The Relationship Between Arts Practice and Sacred Writing
Why It Matters
Jess’s visual exegesis proves that material art can enrich biblical scholarship, expanding academic horizons for practice‑based research and deepening public engagement with sacred texts.
Key Takeaways
- •Visual exegesis merges ceramics with Hebrew biblical interpretation
- •Artist repositions Genesis letters, revealing new theological meanings
- •Color symbolism links heaven, earth, and divine presence materially
- •Rabbinic commentary inspires material choices like cinnabar pigment
- •Practice-based PhD demonstrates feasibility of visual arts research at university
Summary
The closing session of King’s Sacred Commissions in the Arts seminar featured Jess, a visual artist‑scholar, who examined how ceramics and miniature painting can serve as a form of visual exegesis for Hebrew Bible verses. Her talk framed the seminar’s final year as a moment to showcase practice‑based research that bridges theology, art, and academic inquiry.

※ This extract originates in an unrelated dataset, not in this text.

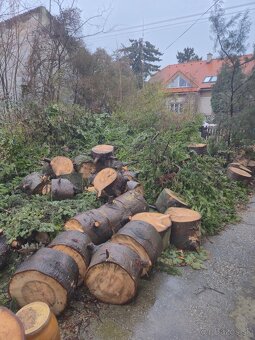 Darujem drevo a konáre - 2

Jess demonstrated that rearranging the six letters of “Bereshit” on movable ceramic tiles creates anagrammatic possibilities—Barah, create, Shabbat—allowing viewers to experience the opening Genesis narrative physically. She extended this method to color, drawing on Rothko and Newman to question whether heaven and earth are best imagined as dark‑light binaries or as mutable hues, echoing rabbinic links between “shamayim” and dyes. Material choices such as cinnabar pigment were justified through volcanic imagery found in early rabbinic texts, turning the pigment itself into a theological metaphor.
Specific examples included a Scrabble‑style tile set that visualizes spatial oppositions, a Yod‑shaped bird representing the divine name, and miniature tabernacle scenes where blue, white, and red pigments articulate heaven, cloud, and divine fire. Jess cited Gadamer’s notion of tradition‑bound creativity, arguing that her inherited Jewish artistic lineage fuels rather than restricts her interpretive work.
The presentation underscores a growing acceptance of practice‑based PhDs in visual arts, challenging King’s historic limitation to music composition. By positioning visual commentary alongside traditional textual scholarship, Jess’s work suggests new interdisciplinary pathways for religious studies, art departments, and cultural institutions seeking to integrate embodied research methods.